Incredible as it may sound today, inflation peaked at 215%
in 1987.
Since inflation is caused by too much money chasing too few
goods, to fight inflation you either increase the number of goods produced or you reduce
the money in circulation.
Producing more is not enough, you need to produce what
people will buy. It takes time even for the market to determine what people
want and in what quantities.
It’s easier to reduce money in circulation, than it is to kick
start production.
In the late 1980s early 1990s after government
was done dabbling in arm chair socialist theories, they decided to bite the
bullet and rein in inflation. So they cut government spending and
operationalized the treasury bill auctions to suck money out of the economy.
I don’t remember the details but I remember the pain – my
pocket money took a nose dive, but I remember more especially the talk – that
the government wouldn’t last the year, that they did not know what they were
doing and that they would have to reverse the decision to fight inflation.
When I look back I realize it was the speculators who were
the chief grumblers – they would buy goods and hoard in anticipation of higher
prices.
If we drew a line in the sand of history of our economy, that was
the time the government decided to get serious about reviving the economy
beyond the flowery language in the ten point program, which is still a vision
worth persuing, by the way.
"Since then other tough decisions have been taken – liberalization, privatisation, UPE all of which have been greeted with sceptism and outright disdain by the interest groups who were seeing their meal ticket flying out the window....

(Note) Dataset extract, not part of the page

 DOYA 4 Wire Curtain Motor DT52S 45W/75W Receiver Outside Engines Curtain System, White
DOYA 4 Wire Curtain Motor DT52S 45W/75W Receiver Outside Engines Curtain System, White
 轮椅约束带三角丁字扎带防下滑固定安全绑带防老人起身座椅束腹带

This budget, Maria Kiwanuka’s third budget reading, also
marked a new turning point. These turning points get progressively less
dramatic, even if their effects are as far reaching as the earth shaking
liberalization and privatisations moves of the 1980s and 1990s.

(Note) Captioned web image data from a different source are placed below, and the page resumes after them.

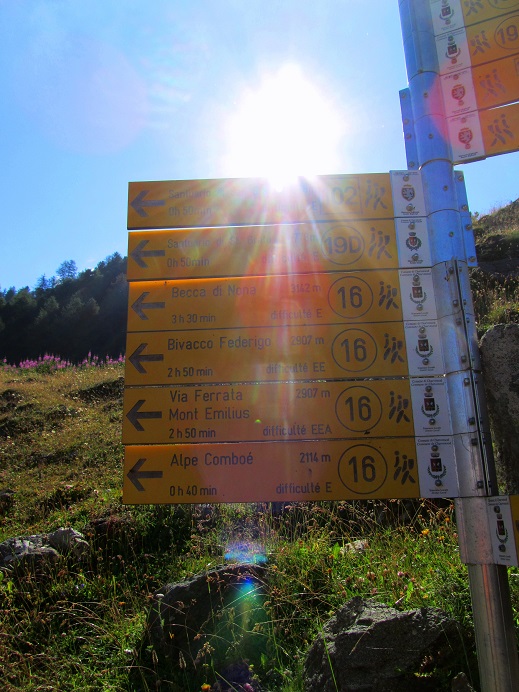 Foto: Andreas Koller / Wandertour / Becca di Nona - Wächter über Aosta (3142m) / 20.06.2016 01:28:34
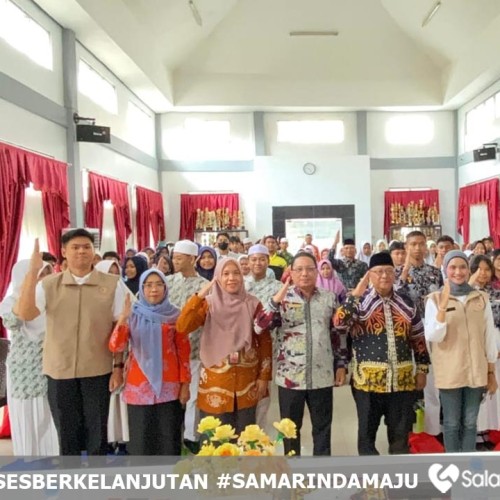 Kesbangpol Samarinda Gelar Sosialisasi Penguatan Ideologi Pancasila bagi Generasi Muda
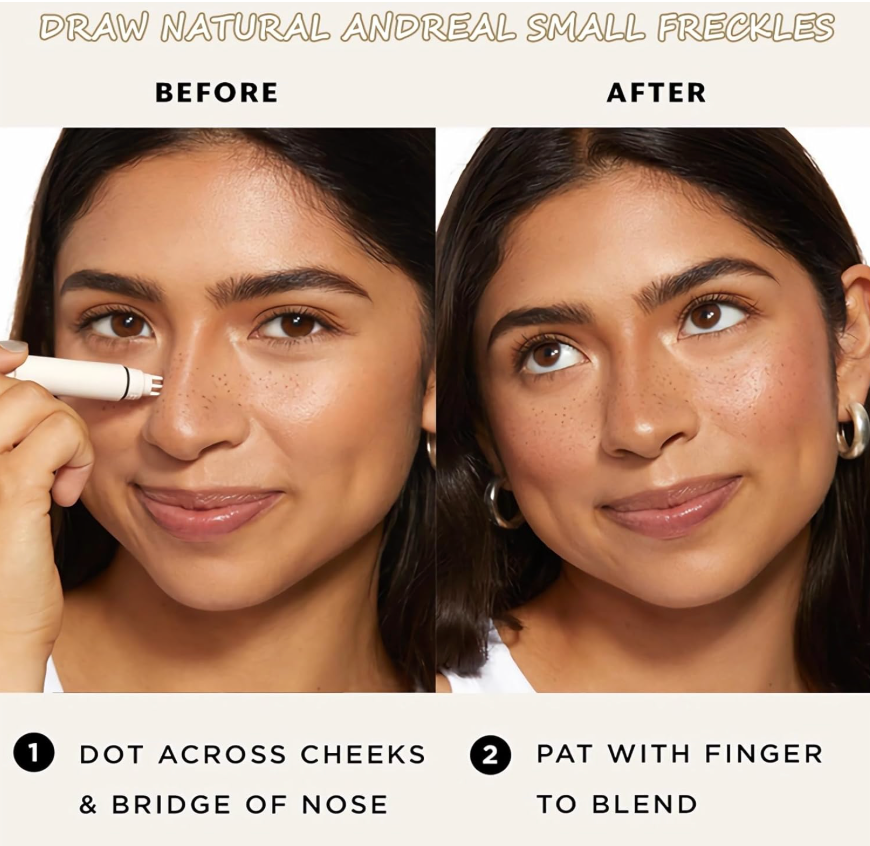 Fake Freckles Stain Marker Pencil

Many things were said in the budget but two things stood out
for me, the announcement that URA, KCCA and the Uganda Registration Services
Bureau are going to work together to collect more revenues and the decision to
borrow from the public to finance our budget deficit.
As it is now there are thousands probably tens of thousands
of businessmen with trading licenses, which they dutifully renew every year for
fear of being shut down by KCCA. And that maybe the last official levy they pay
to authorities –until renewal a year later. But many of these players are not
bit players in the economy, racking hundreds of millions, even billions of
shillings annually in undeclared revenue. Now they are going to have come clean
on at least more of their income than they have been declaring.
Uganda’s revenue collections as a proportion of GDP has
hovered around 13% for almost a decade, lower than the Sub-Saharan average or
than Kenya and Tanzania’s statistics. The donor cut back on budget support,
clearly was the trigger we needed to make this bold move.
It is not as if we did not know about this. For years we
have lamented how only a few people and entities were shouldering the bulk of
the taxes and yet their were people in the informal sector who were minting
money, hand over fist and not paying their just dues.
But as long as government could fall back on the donors there was no incentive to work at widening the tax bases quicker...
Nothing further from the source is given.